Please restate, word for word, the lines below that begin at the one with "vidaXL Fauteuil inclinable" and end at the one with "Serena 2 Drawer Bedside Cabinet - White". Leave out all other lines.

## Information supplied
-----

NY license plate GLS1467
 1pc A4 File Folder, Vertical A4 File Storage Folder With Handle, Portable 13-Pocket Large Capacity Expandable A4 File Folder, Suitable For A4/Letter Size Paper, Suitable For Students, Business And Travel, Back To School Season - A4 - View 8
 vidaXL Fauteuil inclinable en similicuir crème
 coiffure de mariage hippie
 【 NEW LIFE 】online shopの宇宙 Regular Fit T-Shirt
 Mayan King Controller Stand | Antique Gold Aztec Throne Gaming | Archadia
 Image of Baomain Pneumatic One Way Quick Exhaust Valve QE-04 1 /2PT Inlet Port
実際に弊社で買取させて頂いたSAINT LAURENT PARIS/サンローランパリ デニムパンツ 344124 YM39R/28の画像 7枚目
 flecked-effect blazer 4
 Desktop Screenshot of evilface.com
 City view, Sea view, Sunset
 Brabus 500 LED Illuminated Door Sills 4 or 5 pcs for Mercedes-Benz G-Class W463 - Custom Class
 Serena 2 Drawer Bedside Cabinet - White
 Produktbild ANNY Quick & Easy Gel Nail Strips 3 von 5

-----

## Written answer
 vidaXL Fauteuil inclinable en similicuir crème
 coiffure de mariage hippie
 【 NEW LIFE 】online shopの宇宙 Regular Fit T-Shirt
 Mayan King Controller Stand | Antique Gold Aztec Throne Gaming | Archadia
 Image of Baomain Pneumatic One Way Quick Exhaust Valve QE-04 1 /2PT Inlet Port
実際に弊社で買取させて頂いたSAINT LAURENT PARIS/サンローランパリ デニムパンツ 344124 YM39R/28の画像 7枚目
 flecked-effect blazer 4
 Desktop Screenshot of evilface.com
 City view, Sea view, Sunset
 Brabus 500 LED Illuminated Door Sills 4 or 5 pcs for Mercedes-Benz G-Class W463 - Custom Class
 Serena 2 Drawer Bedside Cabinet - White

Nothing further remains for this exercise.